The Winchester, Va.-based composite decking manufacturer posted sales of $1.1 billion for 2022 with a profit of $185 million compared to sales of $1.2 billion and a profit of $209 million in 2021.
Trex's lower sales were due partly to distribution channel partners pulling back on the amount of inventory held because of concerns about softening consumer demand due to rising interest rates and expectations of a general slowing in the economy.
For the fourth quarter, consolidated sales were $192 million compared to $304 million in the prior-year quarter.
Still, the results "exceeded our expectations," Trex President and CEO Bryan Fairbanks told investment bankers in a Feb. 27 conference call. He said the fourth quarter was the first quarter to benefit from the actions taken last July to reduce production levels, reduce its employee base and implement cost-efficiency programs.
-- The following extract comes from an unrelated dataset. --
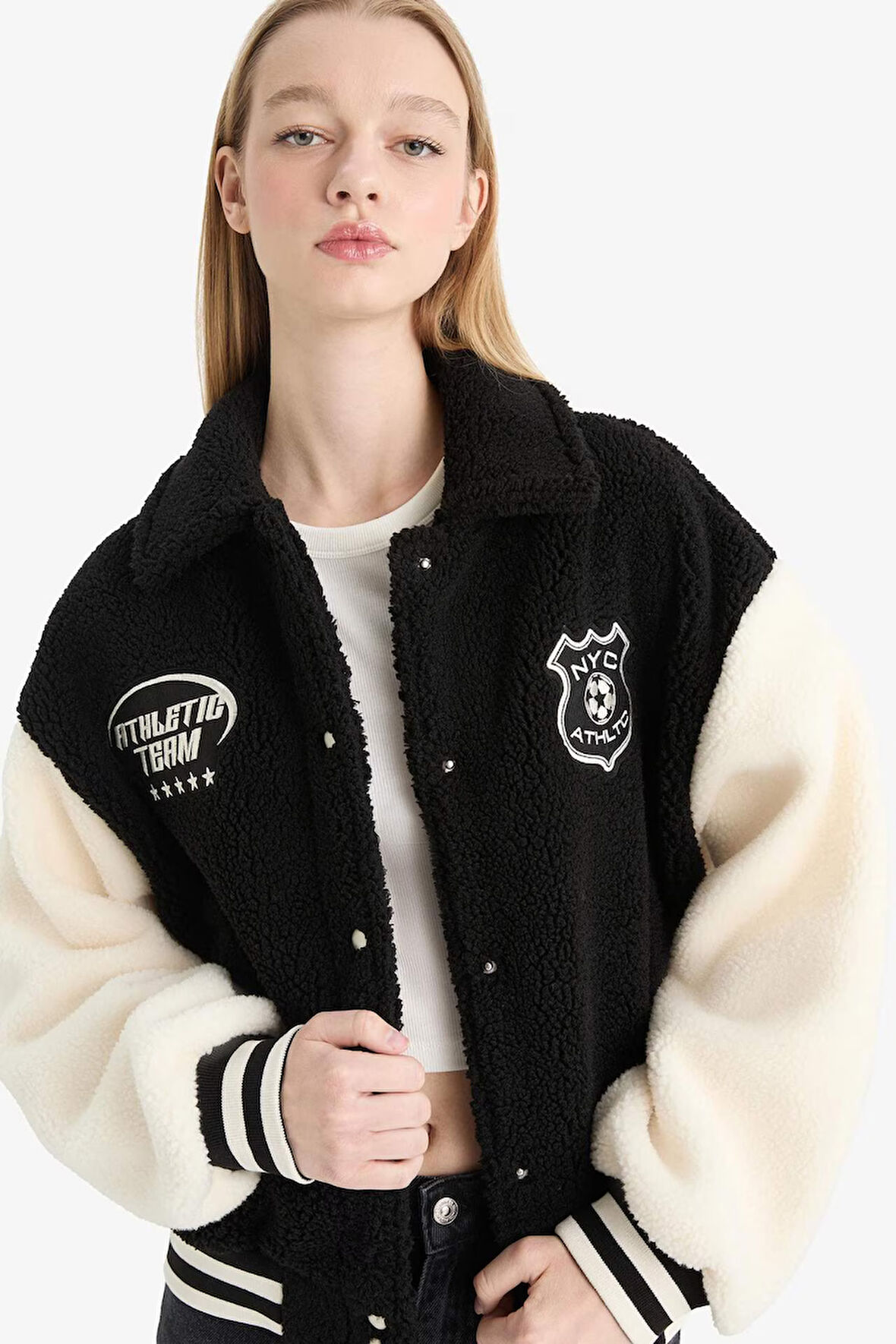Coool Oversize Geniş Kalıp Polo Yaka Pelüş Bomber Ceket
Trex's cost structure now aligns better with the lower sales volumes caused by the distribution channel's inventory recalibration.
"We expect to decrease our balance sheet inventory to more normalized levels throughout 2023, which will improve cash flow," Fairbanks said. "As we've noted in prior calls, we've elected to run our facilities with the assumption of a $1 billion revenue run rate for the year."
The newest facility, in Little Rock, Ark., is undergoing a modular build-out. Trex is taking its time on its third plant and has pushed back the target date for completing the $400 million project.
Fairbanks said he sees a "gradual manufacturing ramp starting with processing of recycled materials and then moving to decking manufacturing currently estimated to start in early 2026."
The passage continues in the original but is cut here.